No real problems there. In fact, the upcoming wedding on July 4th—her first as an officiate—was something she actually looked forward to. She’d met the bride-to-be. The intended groom was just back from sea.
Lindsey stopped and let that sink in a moment. Followed by a quick glance toward the door. “Nah.”
The bride was closer to Lindsey’s age, mid-twenties.
The Captain had to be at least forty and most likely married.

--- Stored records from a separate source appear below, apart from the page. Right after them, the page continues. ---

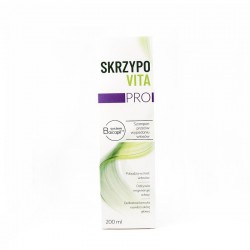 Skrzypovita Pro szampon, 200 ml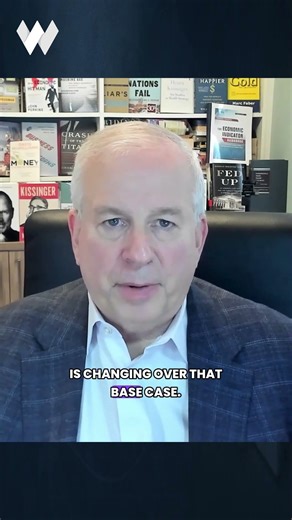 David Rosenberg: If You Don’t Have a Plan B, You Don’t Have a Plan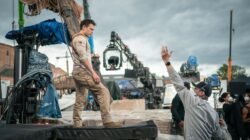 Menyibak Tirai: Mengintip Dunia Behind the Scene Film, dari Pra-Produksi Hingga Pasca-Produksi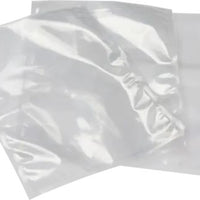 Atmovac - 20" x 36" 90 Microns Smooth Vacuum Bags, Pack Of 100 - ATVSB90-2036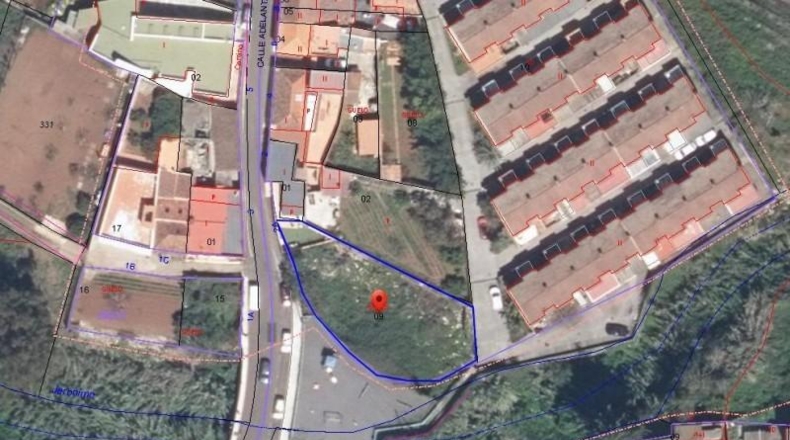 Santa Cruz de Tenerife - Tacoronte - 646m2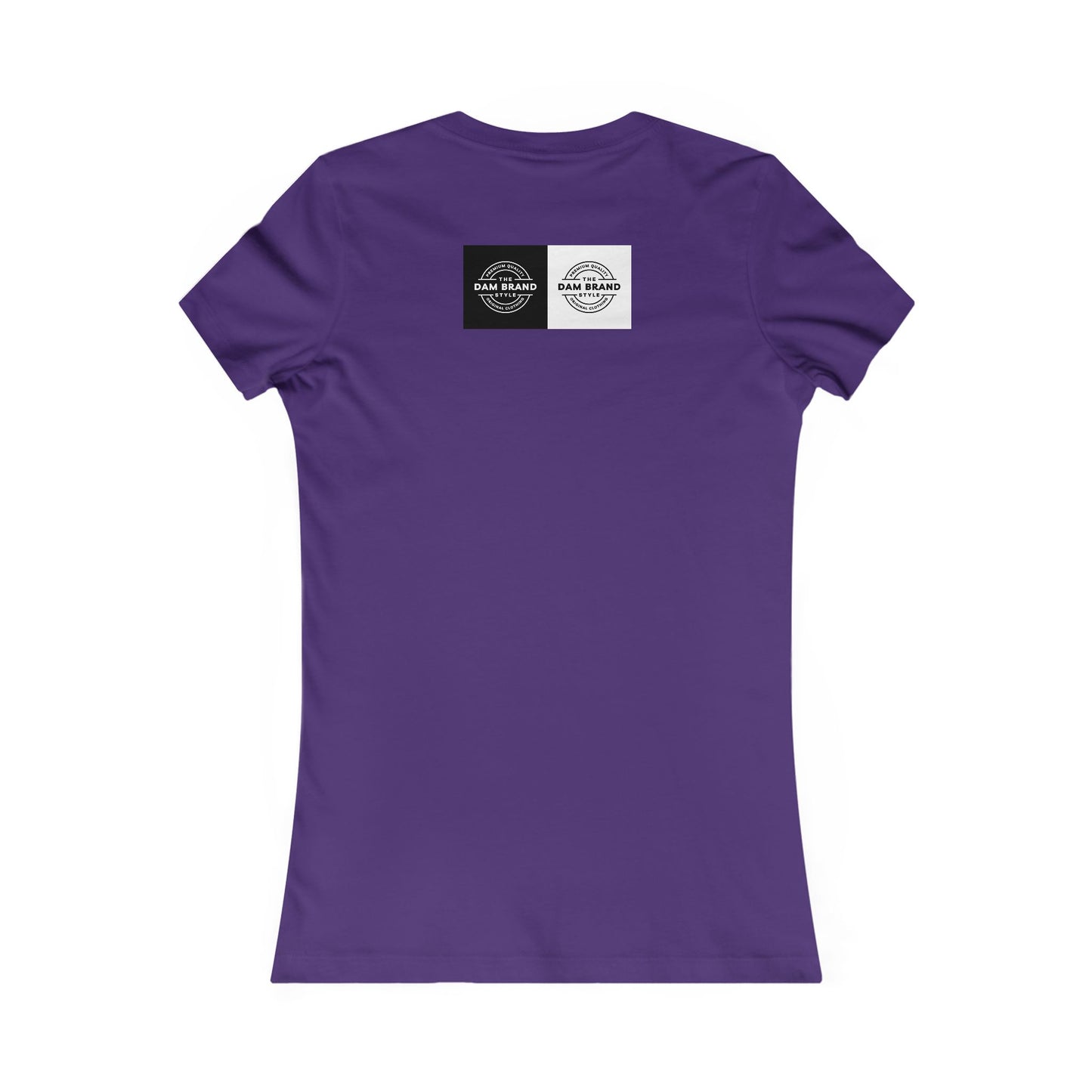 DAMBRAND® Hustle Tee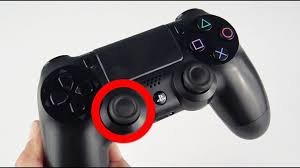 PS4 Analogue Repair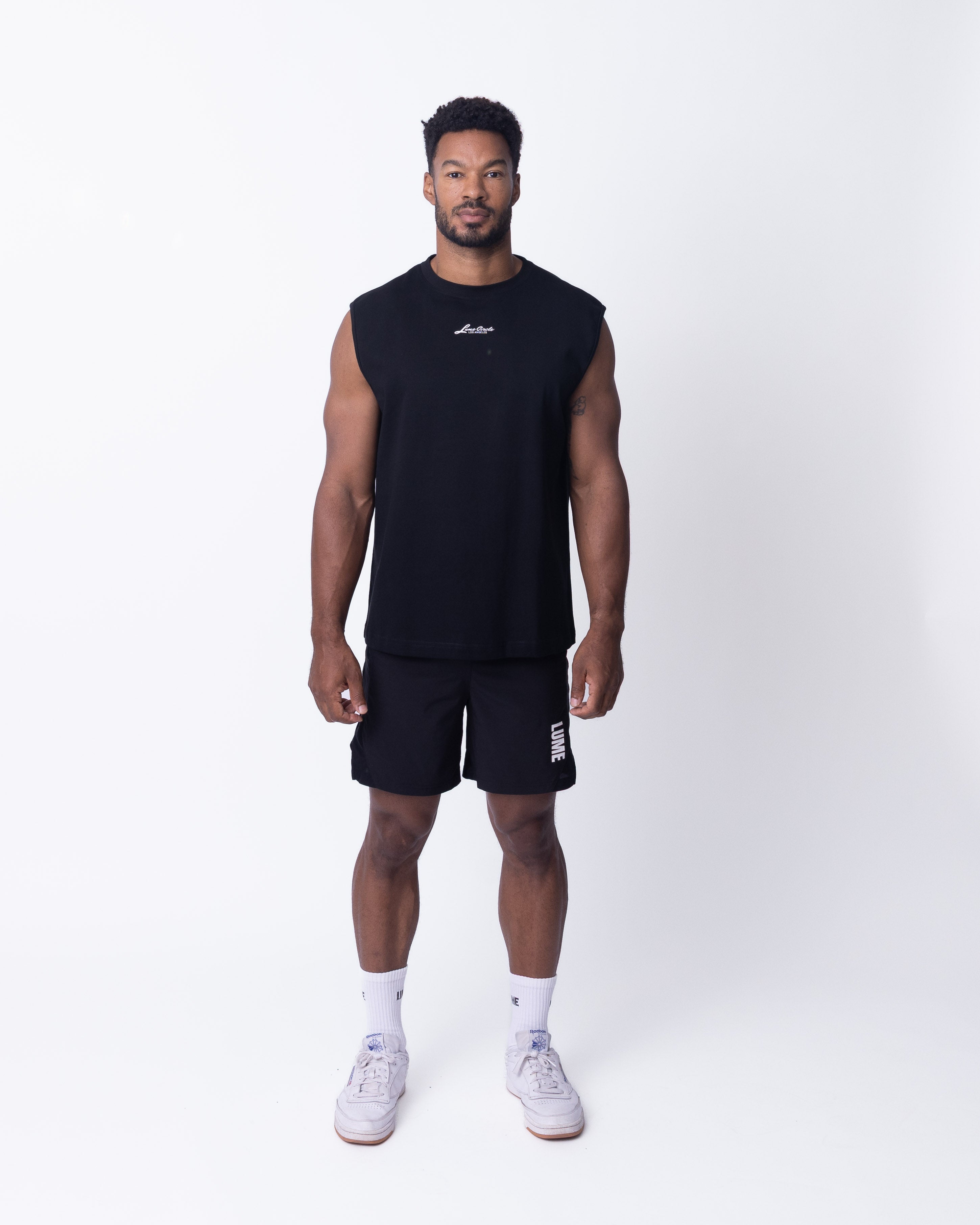 Venice Beach Tank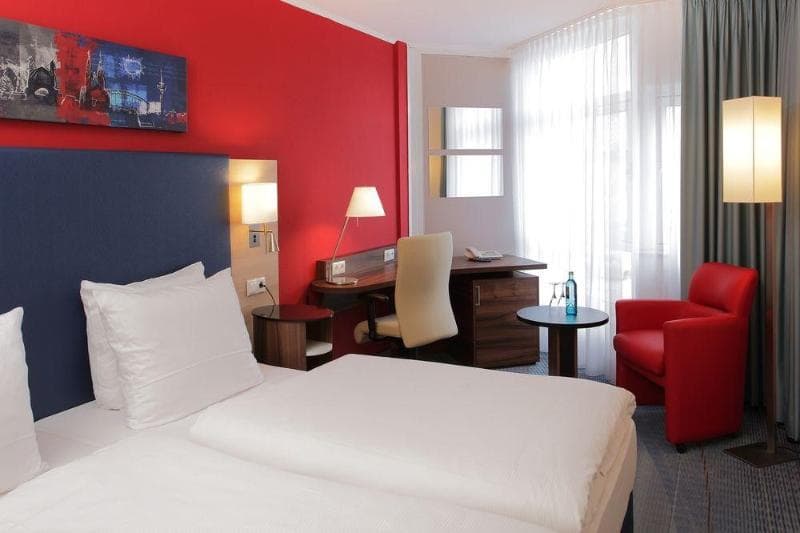 H+ Hotel Köln Brühl 5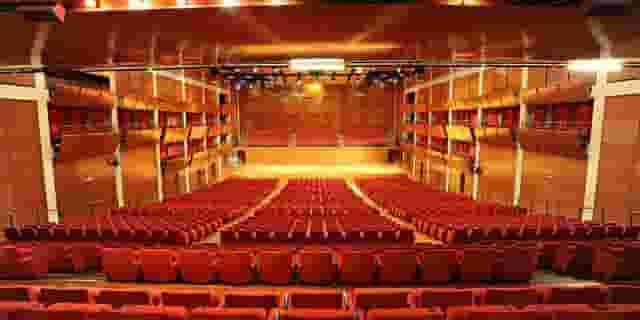 Auditorium Giovanni Agnelli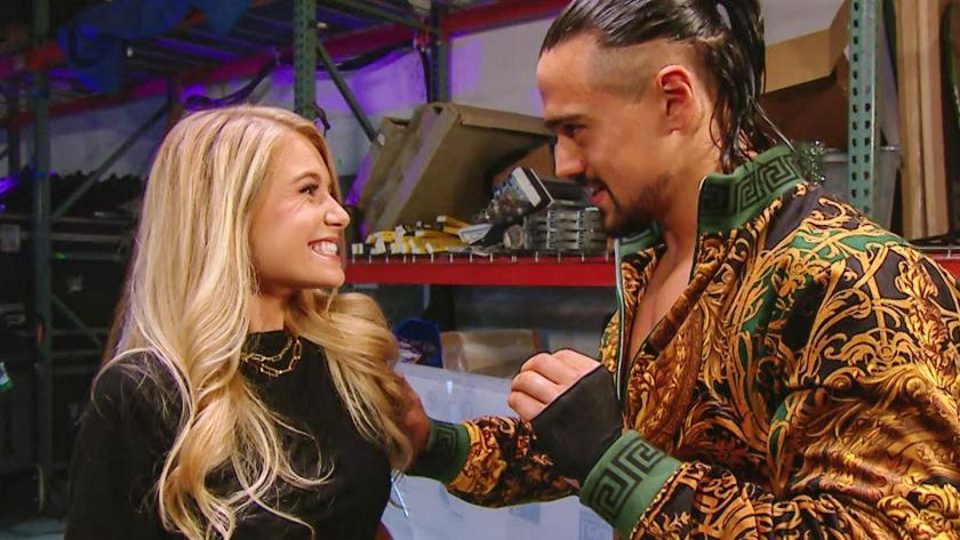 Demi Burnett On Whether She Wants To Wrestle In WWE
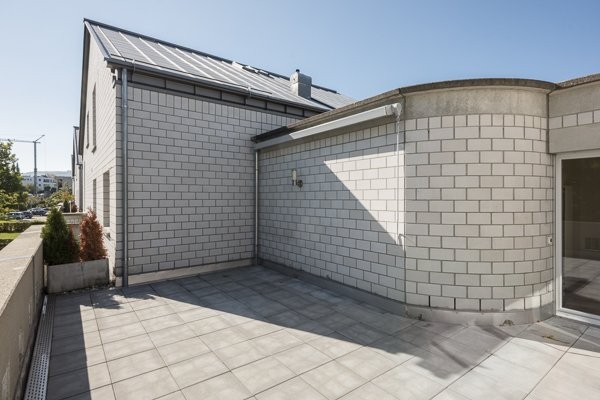 4 pièces appartement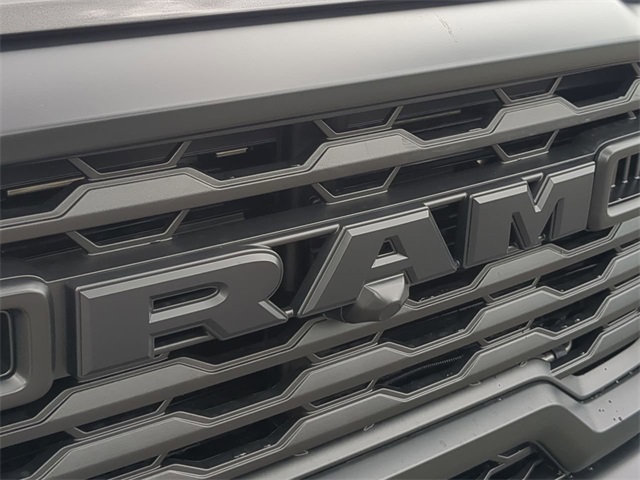 2025 Ram 2500 Tradesman photo 11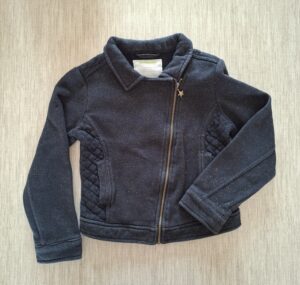 Veste - 6 ans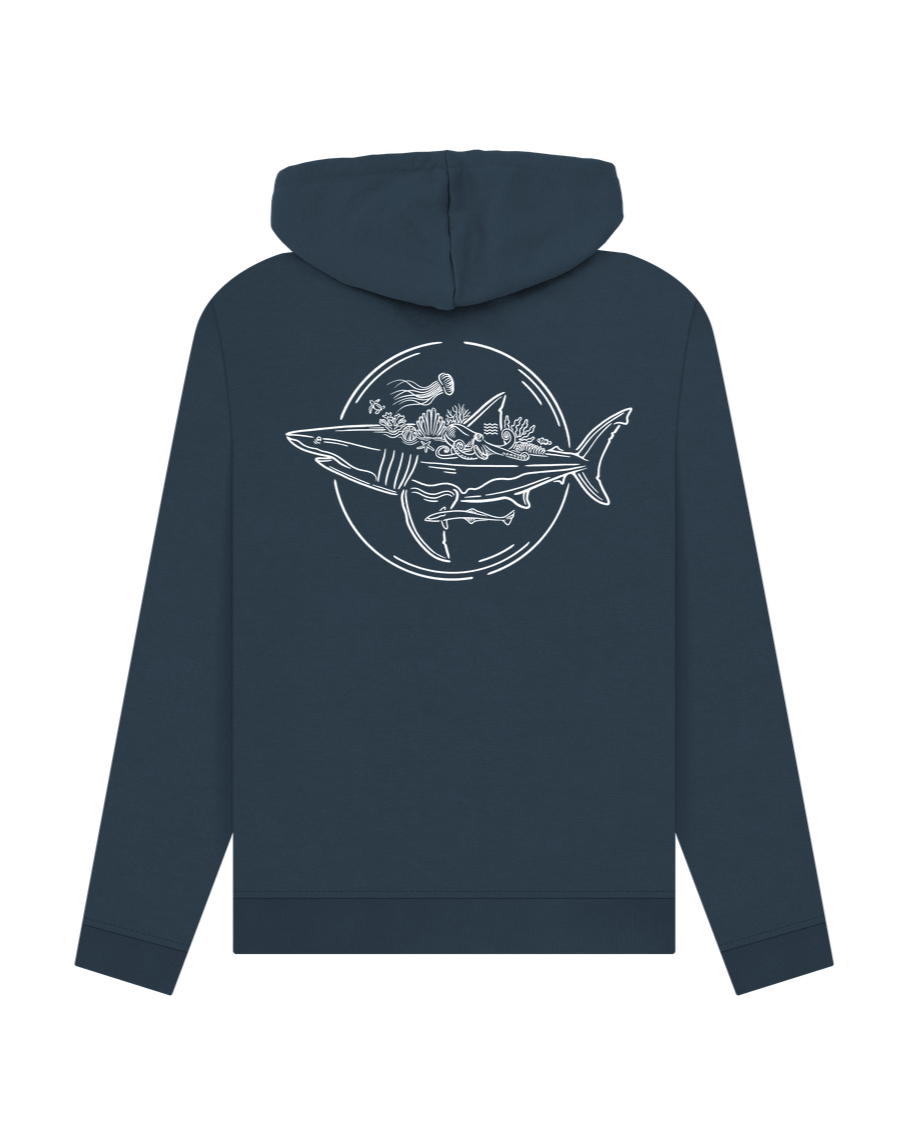 Balance Keepers Women's Hoodie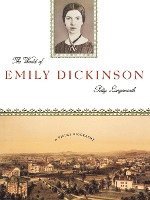 bokomslag The World of Emily Dickinson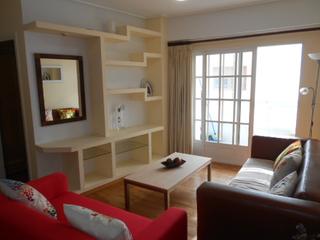 Location Appartement à Rúa de montero rios 42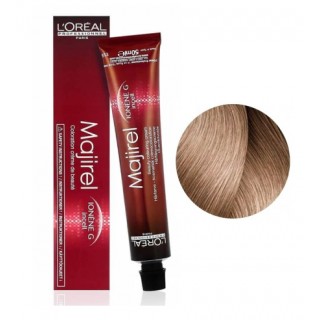 Крем-фарба для волосся L'Oreal Professionnel Majirel 9.81 Дуже світлий блондин мока попелястий 50 мл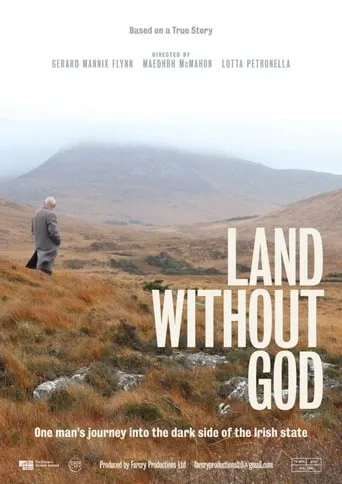 Land Without God movie poster - Rated 7/10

Not that a May, December…more like September, romance was out of the question. The Captain was fighter pilot fit and handsome to the extreme—despite the permanent case of indigestion apparent in his facial expression. What she couldn’t remember was whether or not he wore a wedding band.
Which should matter to her, why?
Arms full and looking for more nonexistent floor space, Lindsey noticed a folded piece of paper by the chair leg. Setting the stack back down, she picked up the missive and unfolded it. The letter was addressed to Captain Reese from COMCARSTRIKEGRU THIRTEEN, Commander Carrier Strike Group Thirteen (CCSG-13). She quickly folded it back up, but not before the word counseling jumped off the page.
The Good Captain had been ordered into counseling.
The shrill ringing of the outer office telephone gave her a guilty start. Brenda answered in quiet tones while Lindsey tucked the paper into her skirt pocket and grabbed her cover from beside the door.
“Chaplain, it’s for you,” the RP called through the open door.
“Take a message, Brenda. There’s something I need to do.” Like catch up with the Captain. She checked her watch. She had plenty of time before her next appointment.
Brenda covered the mouthpiece. “It’s Rear Admiral Dunning.”
“Commander Carrier Strike Group Thirteen?” Lindsey had never had the occasion to meet a flag officer before, let alone speak with one. “What could he possibly want…?” Her hand went to her skirt pocket. “I’ll take it in my office.”
Bon appetit! Happy reading! And…Happy 4th of July!!